After Katelyn’s third miscarriage, the couple decided they wanted to open their hearts to kids who needed love in the foster care system. Eric came from a big family and couldn’t imagine not being with his siblings, so he and Katelyn requested they foster siblings.
Abbigale and Riley arrived at their house on Dec. 21, 2016 after Katelyn and Eric had spent about a month visiting the girls at their previous foster home on weekdays. The girls had been in foster care since they were removed from their home at birth.
Katelyn took a six-week maternity leave from her job as a clinical research coordinator at Henry Ford Hospital to help the girls transition into their new foster home. At the time, Abbigale was 18 months old and Riley was 8 months old. The couple noticed right away that the girls were experiencing some developmental delays. Abbigale could only say about five words, and Riley wasn’t sitting up on her own, crawling or just mumbling. The Clarks worked relentlessly to get Riley’s gross motor skills on track, and both of the girls received help with their speech through Head Start. The girls are now thriving in preschool, and Riley continues to work on her speech through a special program.
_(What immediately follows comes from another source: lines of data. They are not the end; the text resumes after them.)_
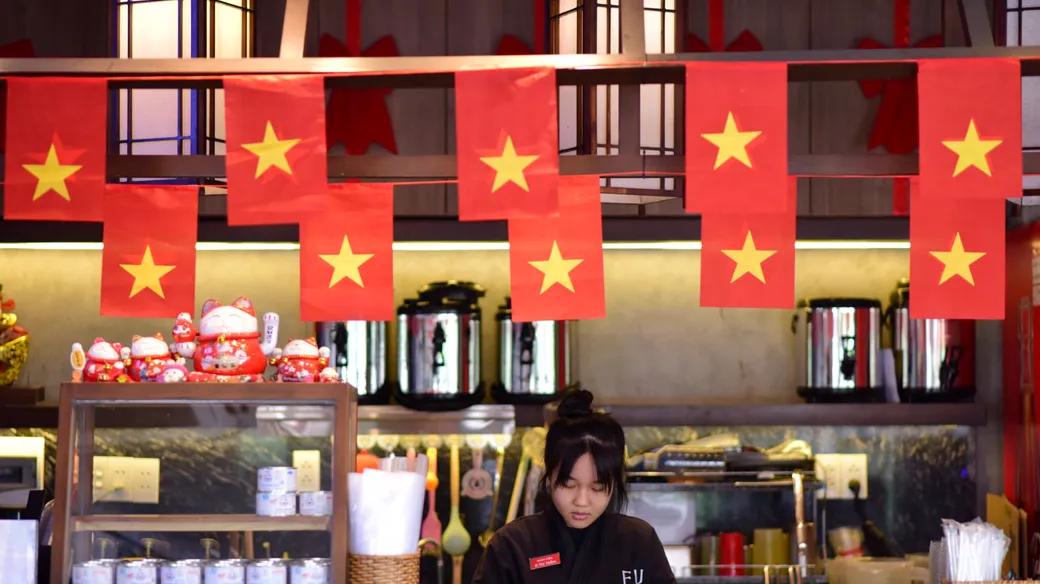 Quầy bán đồ ăn uống treo cờ đỏ sao vàng, nhân viên đứng sau quầy, hộ kinh doanh có nhiều giao dịch nhỏ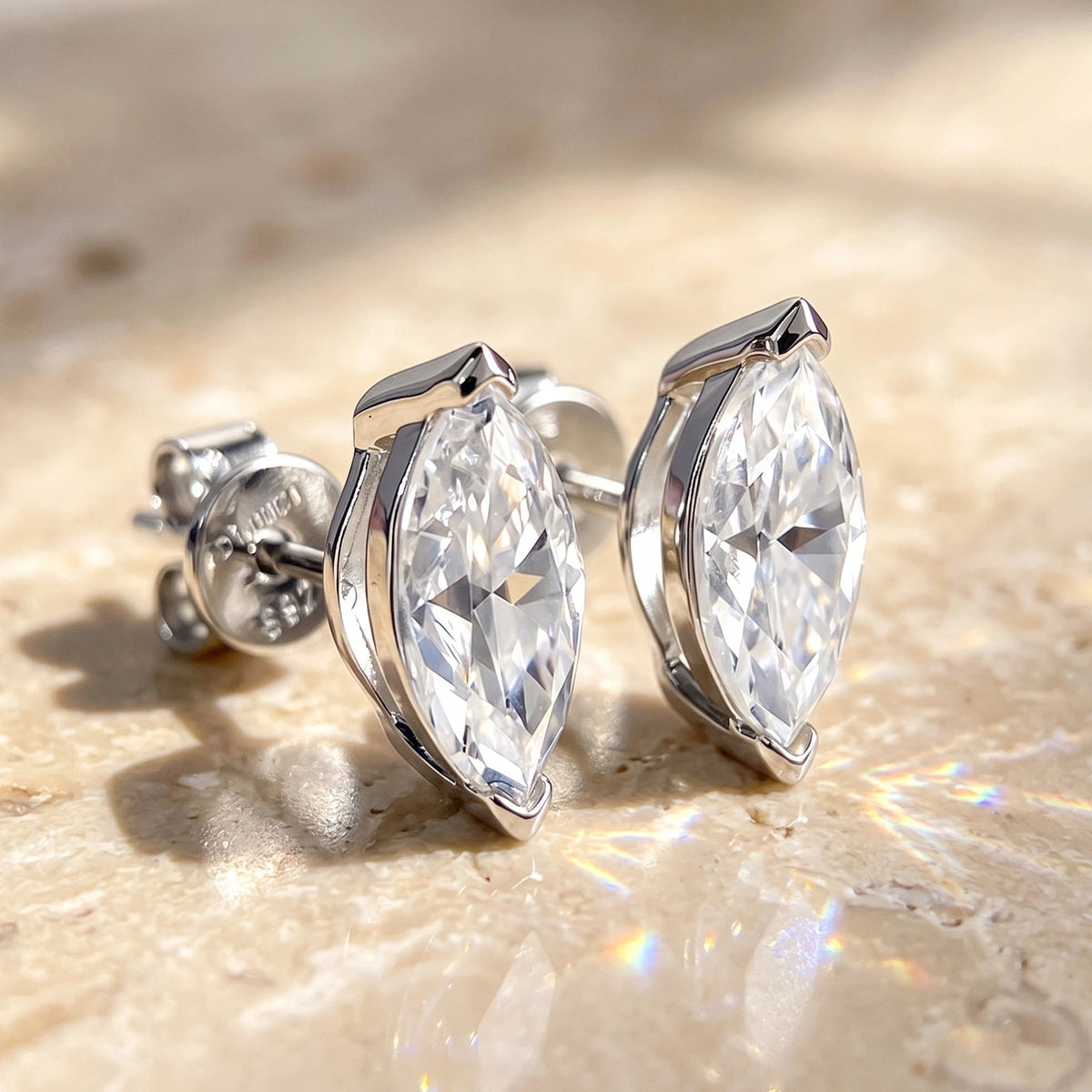 Close-up pair of white gold marquise cut moissanite studs on stone, with a V-prong capping each point and butterfly backs
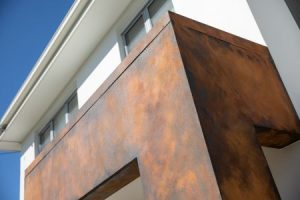 Rust effect paint used on entrance way on Morningside Residence with a burnt orange colour scheme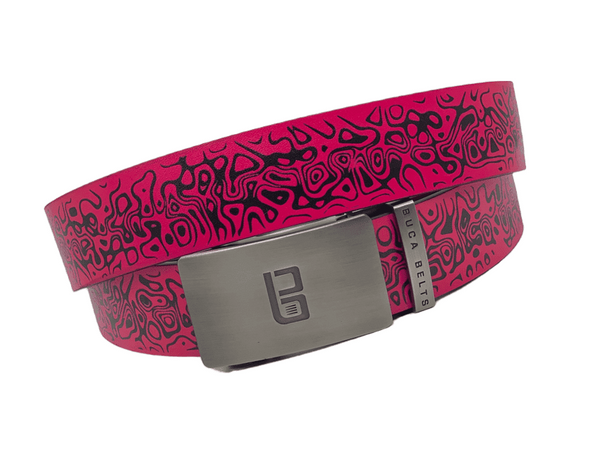Pink Chaos golf belt from Buca Belts, offering a vibrant and unique design. A perfect gift for golfers or those looking to add a stylish touch to their gear. Features a convenient ratchet buckle for easy adjustment.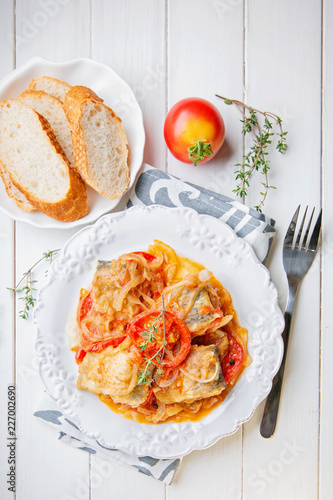 Fried fish with vegetables and sauce. Top veaw photo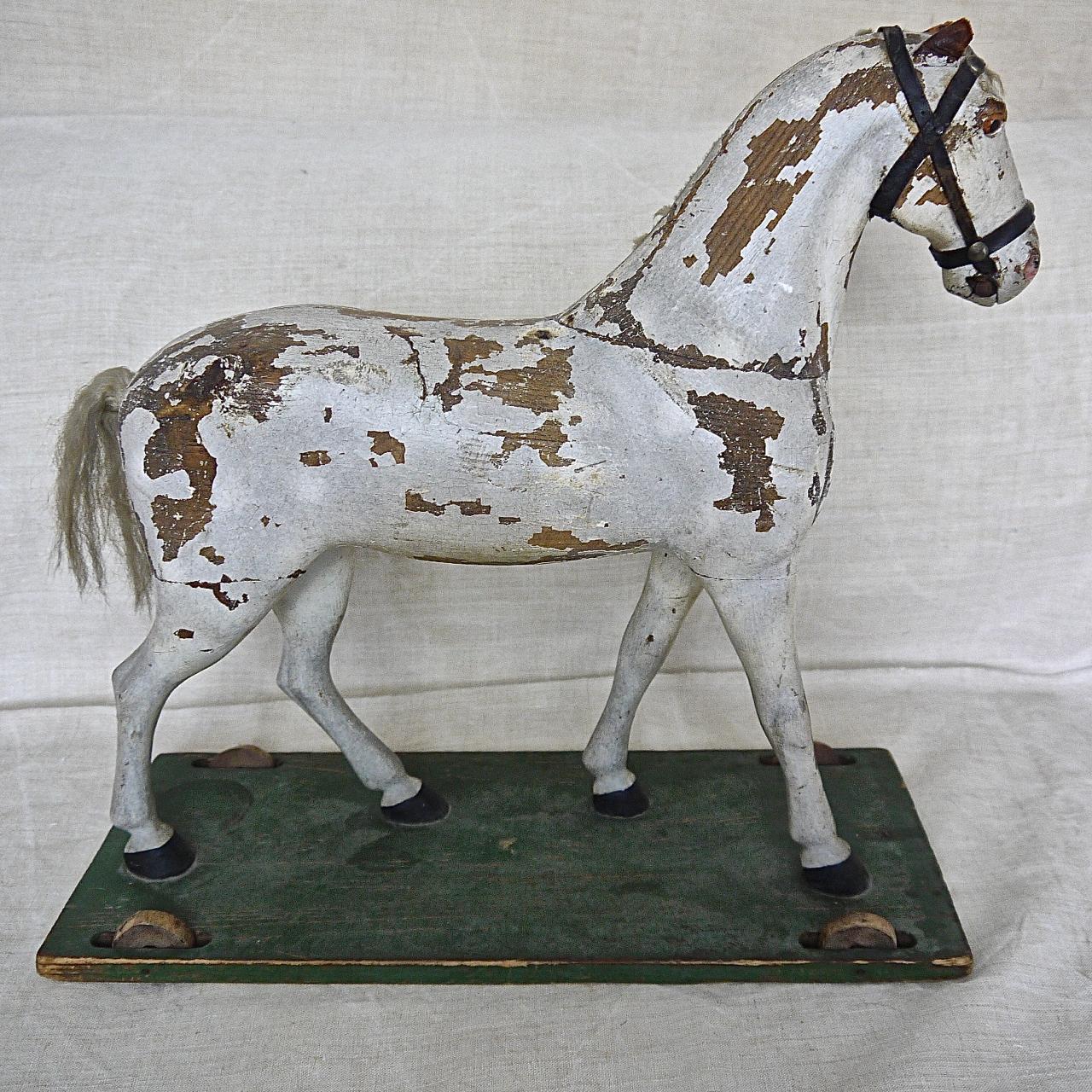 Beautiful Swedish 19th century painted carved wooden toy horse with a very elegant stance. Painted white and mounted on a green painted base with wooden wheels. With leather ears and harness and a combed wool tail and the remains of a wool mane on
The decision to adopt the girls was a no brainer for the Clarks. Parental rights for Abbigale already were terminated when she came into the Clarks’ foster home, and Riley’s were terminated shortly afterward. Abbigale’s adoption was finalized April 17, 2017 in Oakland County and Riley’s adoption was finalized June 22, 2017 in Wayne County.
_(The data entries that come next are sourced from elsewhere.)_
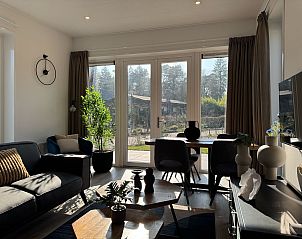 Lichte woonruimte in Chalet in Arnhem met uitzicht op de groene omgeving van Gelderland.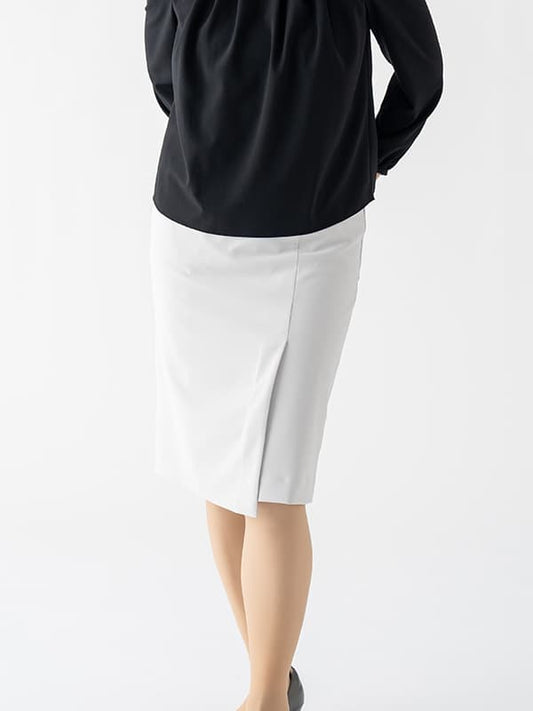 Active Cool: Cooling White Wrap Skirt, a versatile white wrap skirt with a flowing silhouette.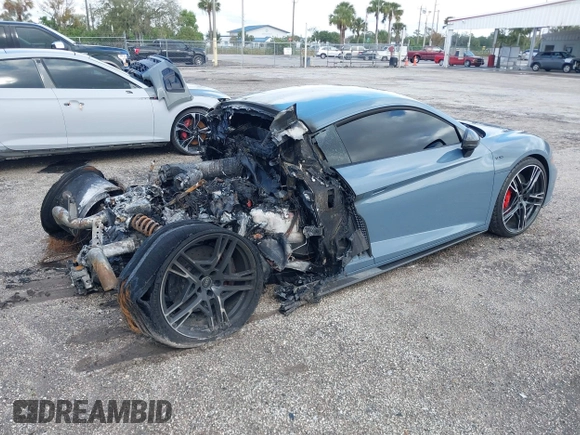 2021 Audi R8 z VIN WUAKBAFX5M7900468, wystawiony jako IAAI lot #41214857 z przebiegiem Nie podano mil oraz . Historia ofert i sprzedaży dostępna na DreamBid. Obrazek 4.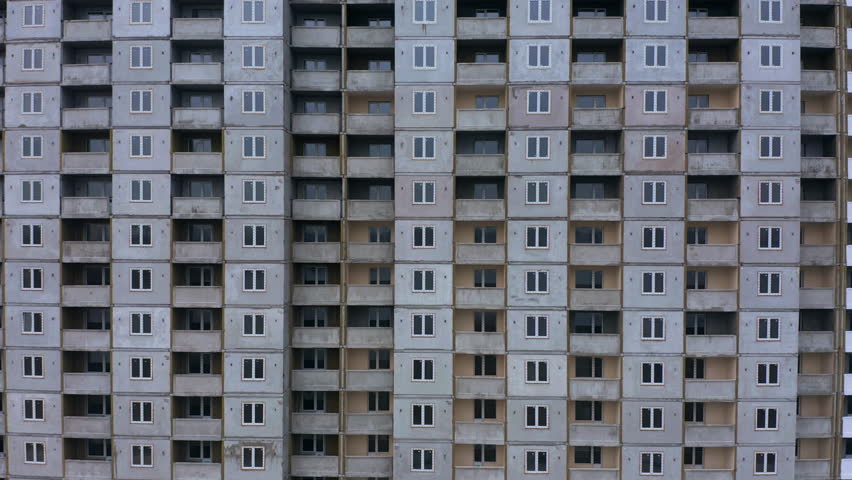 Building facade with numerous windows showcasing urban architecture in a city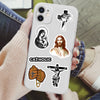 A smartphone displaying a sticker pack featuring religious icons like the Virgin Mary, Jesus, and a crucifixion scene.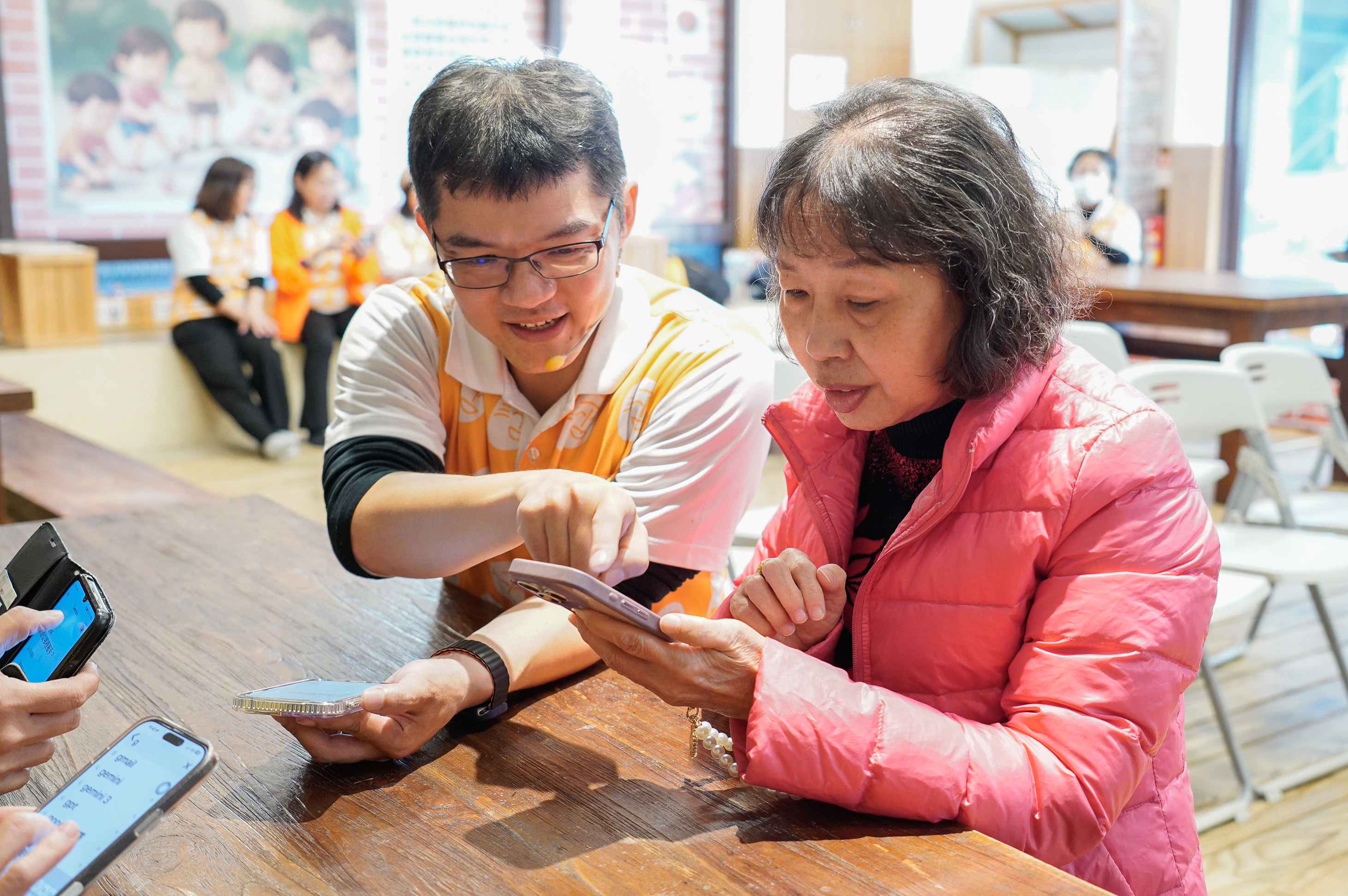 中和莒西社區理事長黃秀琴（右）表示 她教長輩從玩接龍遊戲開始 左為老大人協會專業講師葉左丞Jason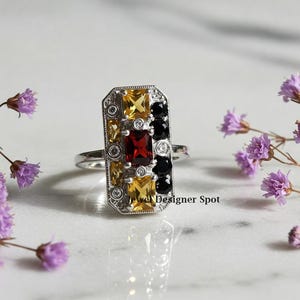 May include: A silver ring with a rectangular setting featuring a mix of yellow, red, and black gemstones. The ring is set against a white marble background.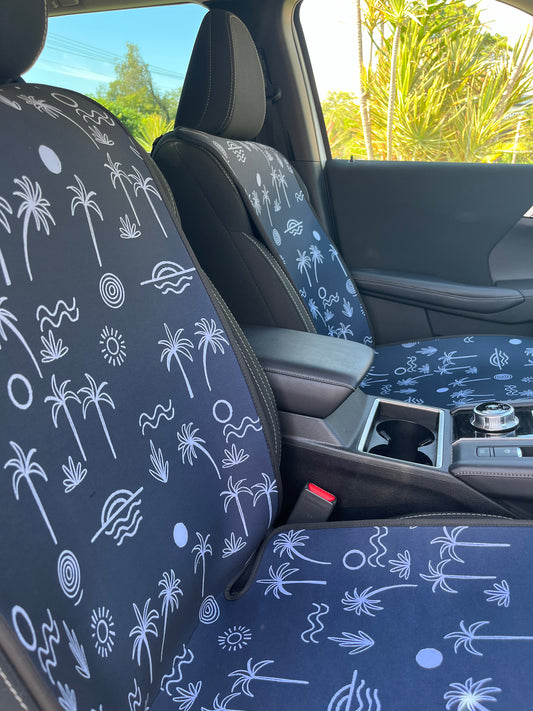Black and white Palm tree print. Set of Seat Covers shown on the front seats of a car. Easy to install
“We love the girls and are thankful OFS chose us to be parents of them and take care of them,” Katelyn said.
Adopting children of a different race has brought its own set of challenges. Katelyn spends a lot of time attending trainings and gathering information from transracial adoption groups on Facebook to learn all she can to ensure her girls learn to love themselves and develop a positive self-image.
“One of my biggest things I tell people thinking about foster care or adoption is check out the Facebook groups,” Katelyn said. “A lot of people don’t like to rely on social media, but it is very helpful. We live in era where it’s easy to connect with people online.”
She and Eric also share their stories of struggles and triumph.
“We realized soon after adopting the girls we had friends who were not to open to the idea of either adoptive children or adoptive children of another race,” she explained. “That was tough, but we also have new, amazing friends and a great support system, and the girls are surrounded by love.”
“[Fostering] is without a doubt the most heartbreaking, but most rewarding thing you can do with your life. If you can open up your heart to kids who need that love, this is the best, but if you can’t, be a secondary caregiver for those who are going through it. Everyone deserves to have a safe place and to feel love.”
The Clarks have been so pleased with Oakland Family Services that they have referred three families to the agency who are interested in foster care. Katelyn said Oakland Family Services has treated them like they are family.
“My husband and I are working parents, and we like the availability of OFS staff,” Katelyn said. “If we had to have a family visit, they will do it after 4 p.m. We also like the communication with OFS caseworkers, who were amazing. They would answer an email or text no matter what time of night. Riley was very sick when she first came to us with some respiratory issues and I called our caseworker at 2 or 3 a.m. I didn’t know what to do and without a beat she was always there for us. That’s what we tell people.”